Mas, outro galardão teve imenso sucesso e foi muito aplaudido: o destinado à a Saúde Pública, entregue a Elena Bodnar, que inventou soutiens que podem ser transformados em máscaras antigás, em caso de emergência, para a pessoa que os use, e para quem for a passar. Bodnar inclusive levou vários exemplares para a cerimónia.

Isto dá realmente para rir e depois pensar, tal como disseram os seus criadores. Enquanto em Boston, na quinta-feira, estes assuntos originaram boa disposição, gargalhadas e palmas, em Portugal o tema da semana foi outro, absolutamente incrível e impensável: a caricata «comunicação» aos Portugueses de Aníbal Cavaco Silva, alegadamente para explicar a fantasmagórica escuta a Belém.

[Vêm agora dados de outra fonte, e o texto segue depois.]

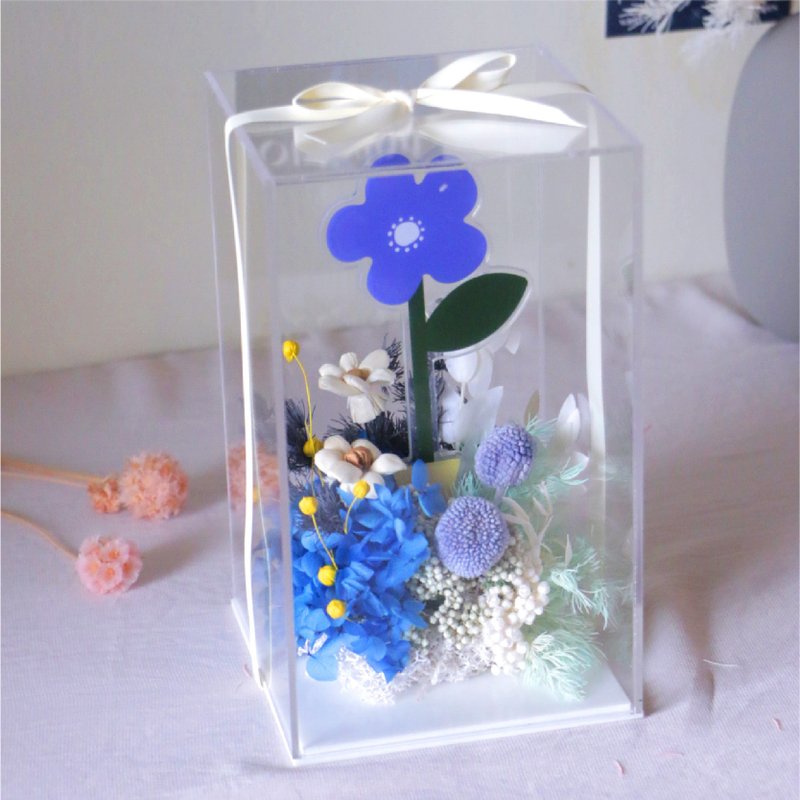 【壓克力永生花盒。藍色】情人節。開幕。居家擺飾 I 可自取 - 乾燥花/永生花 - 植物．花 藍色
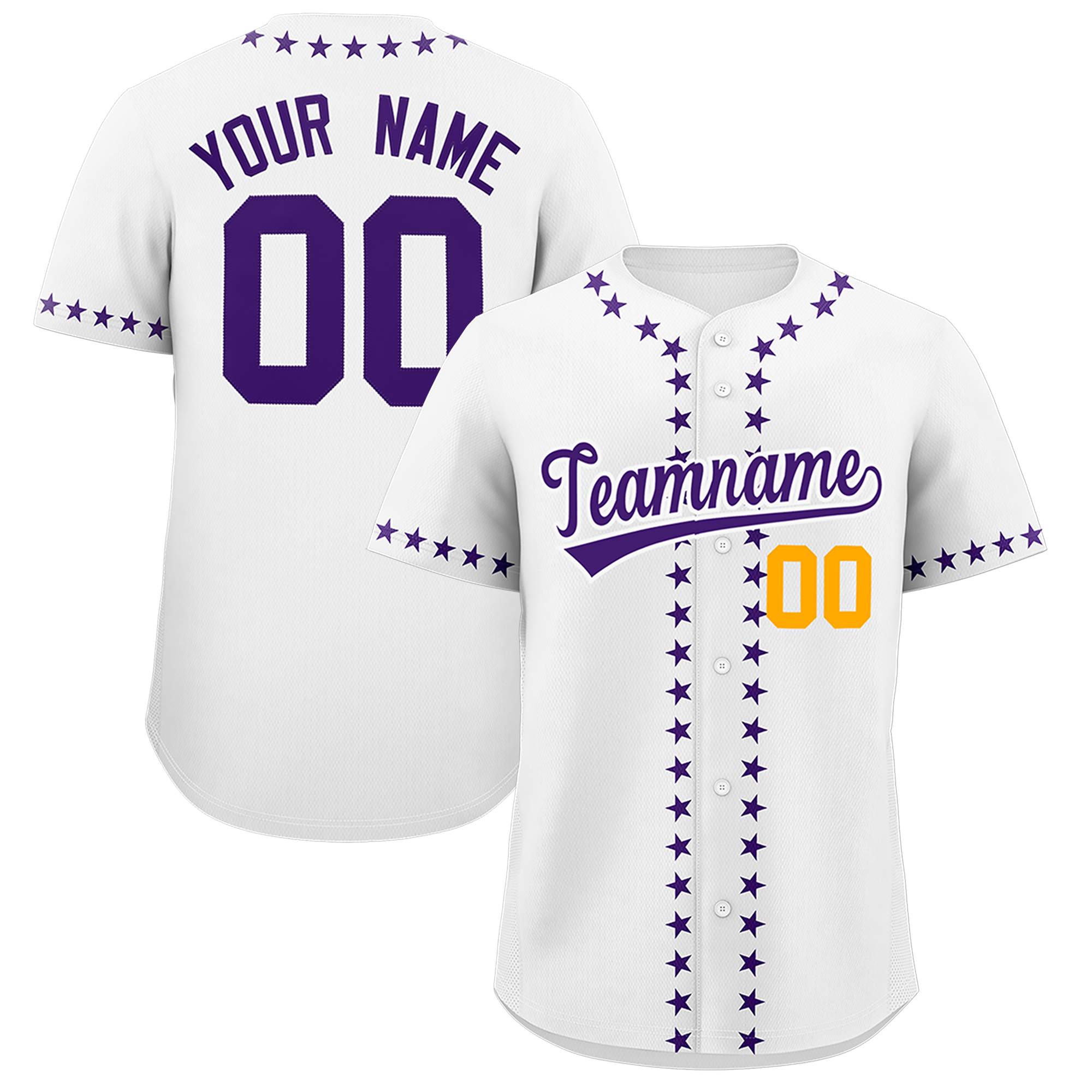 Custom White Purple Star Ribbing Authentic Baseball Jersey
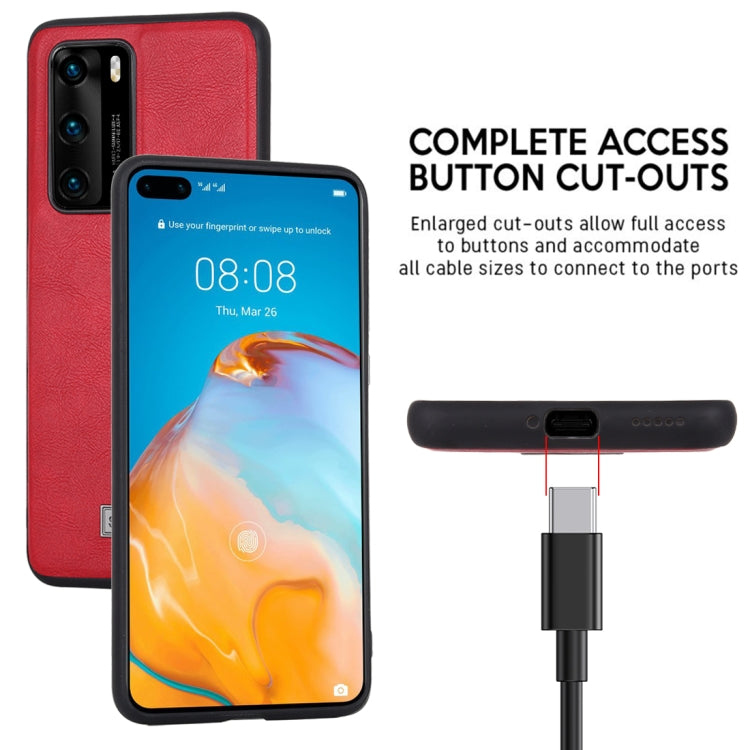 For Huawei P40 SULADA Shockproof TPU + Handmade Leather Protective Case(Grey) - Huawei Cases by SULADA | Online Shopping UK | buy2fix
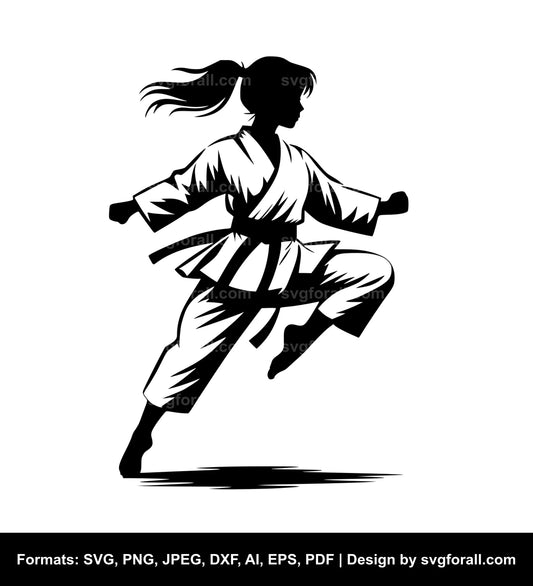 Karate Girl SVG Vector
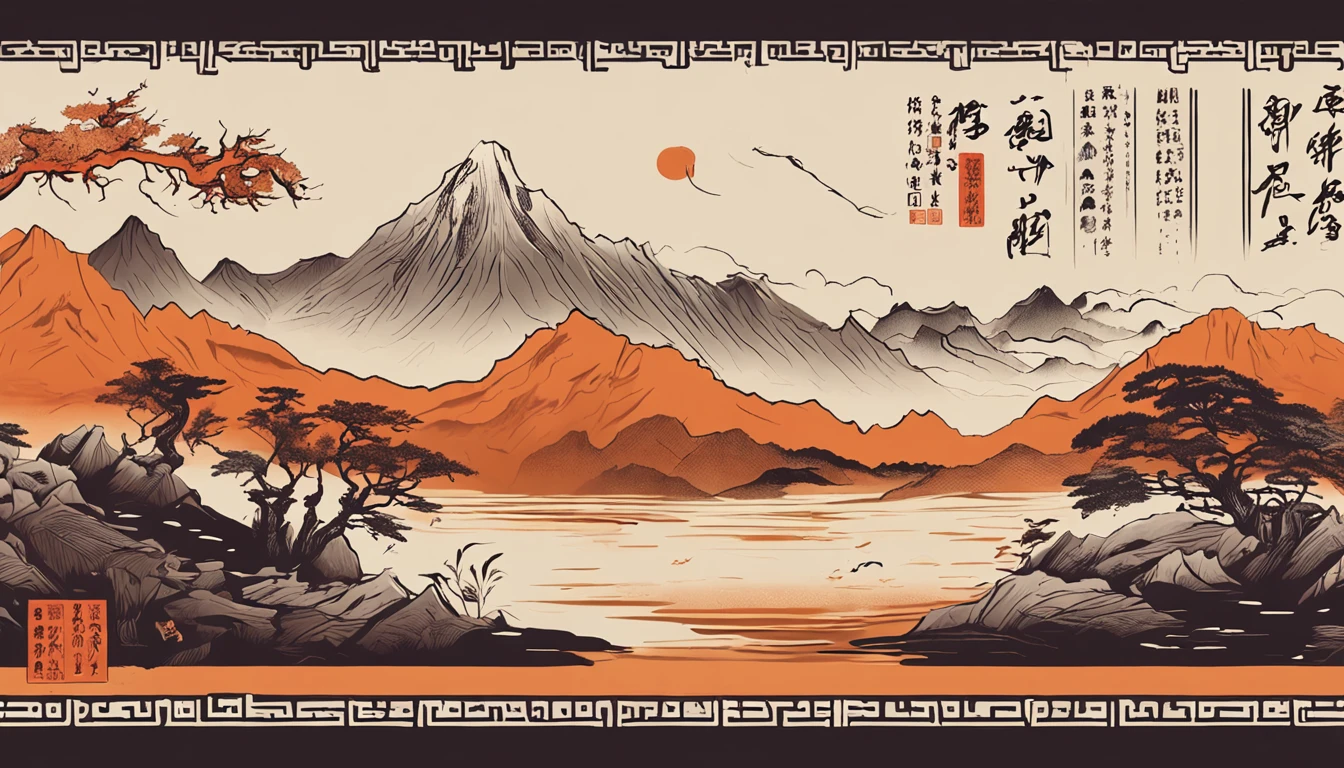 Mountain and Sea Lark Scroll，There are mountains and water in the picture，rios、grassy fields、Sun，Shirasawa、fenghuang、Green Dragon、Xuanwu and many other ancient divine beasts are haunted，Epic composition，shadowing，National style，orange tint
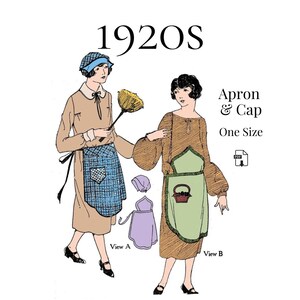 1920s Ladies Apron & Cap – PDF Sewing Pattern #0104 (One Size)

O Presidente da República não passou da intenção – se é que a teve. O homem que, segundo ele próprio, nunca se engana e raramente comete erros, ou vice-versa, acrescento eu, teve arte e engenho para ultrapassar no domínio da asneira a famosa frase do falecido almirante Américo Tomás, «é a primeira vez que aqui venho – depois de aqui ter estado pela última vez». Lapidar.

O inquilino do Palácio de Belém – que espero não ver renovar o contrato de arrendamento (se o houver), já que despejado por má figura e desgraçado comportamento político – teve, porém, um ponto importante de contacto com os IgNobel e daí a comparação. Fez soar gargalhadas por todo o nosso País. Teria graça – se fosse anedota. Mas não tem nenhuma. Nem sequer um IgNobel lhe foi atribuído. E merecia-o. As instituições políticas reflectem, para o bem e para o mal, aquilo que são os respectivos titulares. Mas, atenção: foram os Portugueses que o elegeram. É muito bem feito.